Installation HPC-X question - hello_c is getting an error

​hpcx_v2.4.0-gcc-MLNX_OFED_LINUX-4.6.1.0.1.1-redhat7.6-x86_64

Folowing the readme steps, the 5th step:

“mpirun --allow-run-as-root -np 2 $HPCX_MPI_TESTS_DIR/examples/hello_c”

returns an error with the MPI_Init call (once per device, single ConnectX-5 VPI card):

ib_md.c:1773 UCX ERROR ibv_query_device(mlx5_0) returned 38: Protocol not supported

ib_md.c:1773 UCX ERROR ibv_query_device(mlx5_1) returned 38: Protocol not supported

mlx5_0 is setup as EN, mlx5_1 is IPoIB.

I’m guessing that means that UCX or a dependency isn’t installed correctly?

What am I missing? The steps in the README.txt are pretty straightforward.

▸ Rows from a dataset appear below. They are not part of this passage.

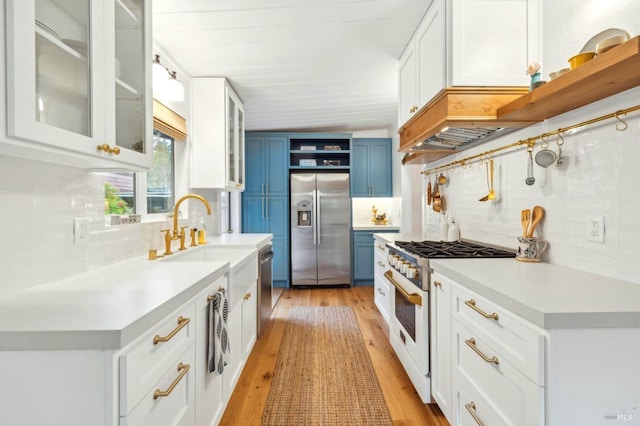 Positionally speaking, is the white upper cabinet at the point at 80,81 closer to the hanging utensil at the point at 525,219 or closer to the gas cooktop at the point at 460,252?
the gas cooktop at the point at 460,252

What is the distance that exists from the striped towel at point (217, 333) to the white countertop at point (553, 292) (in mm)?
1117

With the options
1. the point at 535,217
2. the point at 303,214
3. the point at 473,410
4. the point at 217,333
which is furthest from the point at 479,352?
the point at 303,214

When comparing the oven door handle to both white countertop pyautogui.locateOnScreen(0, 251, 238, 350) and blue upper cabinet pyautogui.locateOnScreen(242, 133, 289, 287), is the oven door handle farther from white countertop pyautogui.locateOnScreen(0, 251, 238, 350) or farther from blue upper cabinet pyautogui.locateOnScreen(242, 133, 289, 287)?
blue upper cabinet pyautogui.locateOnScreen(242, 133, 289, 287)

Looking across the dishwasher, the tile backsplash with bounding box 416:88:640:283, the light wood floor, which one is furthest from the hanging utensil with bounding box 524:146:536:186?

I am using cuda 10.1, not 9.2… which is what ucx_info -v looks to expect… is that it maybe?

Thanks

Hi Andrew,

What is the P/N of the card? Is this a dual port card? If yes, as per VPI port configuration, if Port 1 is configured as Ethernet, Port 2 needs to be Ethernet. If port 1 is IB, port 2 can be IB/Ethernet/Auto sensing.

Thanks,

Namrata.

Hi Andrew,

In addition, support for CUDA version 10 will be available in the upcoming version of HPC-X, which is version 2.5

The targeted Release Date for this version is Sept. 2019.

Thanks,

Namrata.

​I can set it up to just use one port and I see the same error, just on one port. I’ve tried it both IB and EN.

MCX556A-ECAT Rev A8

ConnectX-5 VPI cards

For clarification, see;

2.3: https://docs.mellanox.com/pages/viewpage.action?pageId=12006291

2.4: https://docs.mellanox.com/pages/viewpage.action?pageId=12006257

Under “HPC-X Environments”:

Cuda 9 (2.4 only indicates “9”, 2.3 says 9.1)

NCCL (2.4 complains if its not there but not listed, 2.3 says its required)

GDRCopy (2.4 doesn’t list it, 2.3 says its required).

​With CUDA 9.2, NVIDIA 396.37, and NCCL 2.4.8 installed with it, plus with the additions of maybe GDRCopy 2.0-2, cppunit 1.12.1, and subunit 1.2, the simple hello samples all run without errors / warnings.

Thanks again for your help!

Thanks, Andrew for the update. I’m glad your issue is resolved. Will close this case.

Thanks,

Namrata.